Work request:
Range to output from the entries below: the line containing "2007 Kodiak 4500 Flatbed Truck - Image 14" through the line containing "Husqvarna Svartpilen 125". Set it down exactly, ends included, nothing else.
━━━━━ Given records
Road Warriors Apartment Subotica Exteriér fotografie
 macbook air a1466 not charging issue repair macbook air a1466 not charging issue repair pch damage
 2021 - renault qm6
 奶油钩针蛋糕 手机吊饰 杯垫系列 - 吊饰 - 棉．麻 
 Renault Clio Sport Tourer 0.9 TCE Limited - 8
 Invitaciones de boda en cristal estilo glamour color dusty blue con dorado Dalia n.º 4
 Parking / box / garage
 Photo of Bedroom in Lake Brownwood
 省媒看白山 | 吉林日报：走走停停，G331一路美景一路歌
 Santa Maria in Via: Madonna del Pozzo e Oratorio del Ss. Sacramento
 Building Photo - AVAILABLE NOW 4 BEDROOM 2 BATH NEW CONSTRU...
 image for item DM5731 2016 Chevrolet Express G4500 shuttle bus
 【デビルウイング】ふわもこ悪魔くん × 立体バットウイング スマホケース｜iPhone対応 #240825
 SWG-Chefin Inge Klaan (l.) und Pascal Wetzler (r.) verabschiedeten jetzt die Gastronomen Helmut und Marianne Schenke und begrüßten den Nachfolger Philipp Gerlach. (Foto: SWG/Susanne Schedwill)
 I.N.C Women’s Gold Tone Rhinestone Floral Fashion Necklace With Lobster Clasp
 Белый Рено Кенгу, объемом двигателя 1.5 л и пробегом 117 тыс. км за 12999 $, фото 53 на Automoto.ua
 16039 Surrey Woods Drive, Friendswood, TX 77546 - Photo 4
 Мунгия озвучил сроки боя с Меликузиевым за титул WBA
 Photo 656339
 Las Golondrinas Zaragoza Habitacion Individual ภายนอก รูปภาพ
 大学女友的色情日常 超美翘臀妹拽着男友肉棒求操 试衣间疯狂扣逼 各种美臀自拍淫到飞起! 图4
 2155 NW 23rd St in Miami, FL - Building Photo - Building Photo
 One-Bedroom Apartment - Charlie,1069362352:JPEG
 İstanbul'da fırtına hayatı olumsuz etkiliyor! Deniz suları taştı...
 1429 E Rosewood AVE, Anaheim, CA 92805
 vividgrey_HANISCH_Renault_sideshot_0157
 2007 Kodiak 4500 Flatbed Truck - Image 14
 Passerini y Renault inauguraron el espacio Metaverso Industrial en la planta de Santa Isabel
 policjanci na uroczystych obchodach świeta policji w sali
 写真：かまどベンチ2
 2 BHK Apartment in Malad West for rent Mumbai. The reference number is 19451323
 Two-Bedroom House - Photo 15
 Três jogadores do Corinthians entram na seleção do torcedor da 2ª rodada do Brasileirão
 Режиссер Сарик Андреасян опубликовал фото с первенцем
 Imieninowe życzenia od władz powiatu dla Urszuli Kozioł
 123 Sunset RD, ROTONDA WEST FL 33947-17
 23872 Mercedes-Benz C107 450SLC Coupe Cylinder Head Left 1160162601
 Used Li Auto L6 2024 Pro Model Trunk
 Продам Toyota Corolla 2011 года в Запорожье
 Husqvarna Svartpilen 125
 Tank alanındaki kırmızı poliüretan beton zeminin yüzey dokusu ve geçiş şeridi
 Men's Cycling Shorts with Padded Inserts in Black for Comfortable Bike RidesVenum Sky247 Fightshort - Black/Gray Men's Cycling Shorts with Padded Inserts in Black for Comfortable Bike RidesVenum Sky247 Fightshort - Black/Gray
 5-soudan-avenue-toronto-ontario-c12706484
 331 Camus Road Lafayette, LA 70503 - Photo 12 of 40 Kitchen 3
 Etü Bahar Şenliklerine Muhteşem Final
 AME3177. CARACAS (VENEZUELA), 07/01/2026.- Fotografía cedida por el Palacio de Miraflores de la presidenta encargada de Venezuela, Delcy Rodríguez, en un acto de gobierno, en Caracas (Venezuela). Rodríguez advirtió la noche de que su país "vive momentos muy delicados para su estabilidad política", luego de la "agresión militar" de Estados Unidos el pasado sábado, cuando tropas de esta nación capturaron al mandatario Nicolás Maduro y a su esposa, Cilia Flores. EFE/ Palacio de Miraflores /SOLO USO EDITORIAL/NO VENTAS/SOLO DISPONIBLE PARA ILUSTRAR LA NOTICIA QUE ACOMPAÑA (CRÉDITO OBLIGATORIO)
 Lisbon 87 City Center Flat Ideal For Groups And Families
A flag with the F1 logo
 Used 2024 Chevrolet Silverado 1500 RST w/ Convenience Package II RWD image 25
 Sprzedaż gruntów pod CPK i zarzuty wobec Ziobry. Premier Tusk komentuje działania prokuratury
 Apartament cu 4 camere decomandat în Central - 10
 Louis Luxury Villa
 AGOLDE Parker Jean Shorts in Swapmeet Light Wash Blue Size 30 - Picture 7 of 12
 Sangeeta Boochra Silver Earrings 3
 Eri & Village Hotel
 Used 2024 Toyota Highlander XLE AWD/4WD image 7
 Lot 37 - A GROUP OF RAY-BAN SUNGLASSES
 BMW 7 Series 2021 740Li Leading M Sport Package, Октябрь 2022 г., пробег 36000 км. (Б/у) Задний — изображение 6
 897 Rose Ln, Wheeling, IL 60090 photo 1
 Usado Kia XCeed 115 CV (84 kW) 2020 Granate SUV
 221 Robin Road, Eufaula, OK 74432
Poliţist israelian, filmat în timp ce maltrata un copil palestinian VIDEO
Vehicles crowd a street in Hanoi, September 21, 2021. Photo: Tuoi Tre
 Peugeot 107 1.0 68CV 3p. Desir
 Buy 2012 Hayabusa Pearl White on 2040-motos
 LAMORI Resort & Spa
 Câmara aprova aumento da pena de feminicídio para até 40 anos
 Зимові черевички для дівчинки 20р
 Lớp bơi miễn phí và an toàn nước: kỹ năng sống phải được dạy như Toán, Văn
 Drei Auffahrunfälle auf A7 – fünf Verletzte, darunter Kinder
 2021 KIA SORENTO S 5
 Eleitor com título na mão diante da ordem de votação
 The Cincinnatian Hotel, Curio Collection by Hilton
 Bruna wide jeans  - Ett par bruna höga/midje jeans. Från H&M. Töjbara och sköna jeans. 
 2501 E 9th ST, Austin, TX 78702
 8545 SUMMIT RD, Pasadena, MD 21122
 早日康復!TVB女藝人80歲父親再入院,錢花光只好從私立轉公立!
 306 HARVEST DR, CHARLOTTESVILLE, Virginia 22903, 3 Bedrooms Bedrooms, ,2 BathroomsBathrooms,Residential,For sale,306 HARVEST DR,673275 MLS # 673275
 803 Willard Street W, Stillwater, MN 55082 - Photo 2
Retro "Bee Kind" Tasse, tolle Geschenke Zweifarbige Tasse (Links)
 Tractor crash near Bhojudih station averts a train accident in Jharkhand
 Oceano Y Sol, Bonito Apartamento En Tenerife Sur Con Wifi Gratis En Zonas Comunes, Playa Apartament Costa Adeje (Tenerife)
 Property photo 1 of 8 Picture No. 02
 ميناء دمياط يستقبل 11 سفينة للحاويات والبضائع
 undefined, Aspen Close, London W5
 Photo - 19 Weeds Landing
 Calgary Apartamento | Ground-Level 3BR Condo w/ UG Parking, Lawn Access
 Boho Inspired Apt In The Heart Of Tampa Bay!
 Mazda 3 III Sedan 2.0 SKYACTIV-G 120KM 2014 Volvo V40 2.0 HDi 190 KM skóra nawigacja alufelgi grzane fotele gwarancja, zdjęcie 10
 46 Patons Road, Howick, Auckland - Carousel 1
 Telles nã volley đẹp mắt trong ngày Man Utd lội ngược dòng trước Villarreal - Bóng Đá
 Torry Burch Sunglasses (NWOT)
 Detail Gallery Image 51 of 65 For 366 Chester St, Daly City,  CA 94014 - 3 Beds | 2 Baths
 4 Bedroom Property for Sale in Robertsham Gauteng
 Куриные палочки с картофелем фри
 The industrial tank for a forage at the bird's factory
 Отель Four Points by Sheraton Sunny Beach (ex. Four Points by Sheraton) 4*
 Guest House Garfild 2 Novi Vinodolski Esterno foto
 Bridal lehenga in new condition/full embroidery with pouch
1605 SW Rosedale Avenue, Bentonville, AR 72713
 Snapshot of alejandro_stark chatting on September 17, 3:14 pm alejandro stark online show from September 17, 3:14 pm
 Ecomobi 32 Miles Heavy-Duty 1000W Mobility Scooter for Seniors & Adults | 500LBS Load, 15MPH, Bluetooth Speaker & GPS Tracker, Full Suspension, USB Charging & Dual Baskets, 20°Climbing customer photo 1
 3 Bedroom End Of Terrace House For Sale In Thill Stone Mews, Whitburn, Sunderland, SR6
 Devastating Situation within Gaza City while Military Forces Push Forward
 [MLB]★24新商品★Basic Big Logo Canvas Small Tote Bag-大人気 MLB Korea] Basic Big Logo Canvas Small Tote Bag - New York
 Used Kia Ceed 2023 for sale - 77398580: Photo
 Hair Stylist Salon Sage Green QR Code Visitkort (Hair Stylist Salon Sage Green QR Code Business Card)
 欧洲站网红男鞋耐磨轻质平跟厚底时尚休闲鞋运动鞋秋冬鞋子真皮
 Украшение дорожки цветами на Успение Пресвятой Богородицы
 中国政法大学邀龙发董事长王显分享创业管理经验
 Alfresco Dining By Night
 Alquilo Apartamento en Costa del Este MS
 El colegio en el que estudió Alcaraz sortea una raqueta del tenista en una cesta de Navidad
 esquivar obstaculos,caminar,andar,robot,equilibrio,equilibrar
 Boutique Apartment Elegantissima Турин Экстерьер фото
━━━━━━━━━━
Response to this exercise:
 2007 Kodiak 4500 Flatbed Truck - Image 14
 Passerini y Renault inauguraron el espacio Metaverso Industrial en la planta de Santa Isabel
 policjanci na uroczystych obchodach świeta policji w sali
 写真：かまどベンチ2
 2 BHK Apartment in Malad West for rent Mumbai. The reference number is 19451323
 Two-Bedroom House - Photo 15
 Três jogadores do Corinthians entram na seleção do torcedor da 2ª rodada do Brasileirão
 Режиссер Сарик Андреасян опубликовал фото с первенцем
 Imieninowe życzenia od władz powiatu dla Urszuli Kozioł
 123 Sunset RD, ROTONDA WEST FL 33947-17
 23872 Mercedes-Benz C107 450SLC Coupe Cylinder Head Left 1160162601
 Used Li Auto L6 2024 Pro Model Trunk
 Продам Toyota Corolla 2011 года в Запорожье
 Husqvarna Svartpilen 125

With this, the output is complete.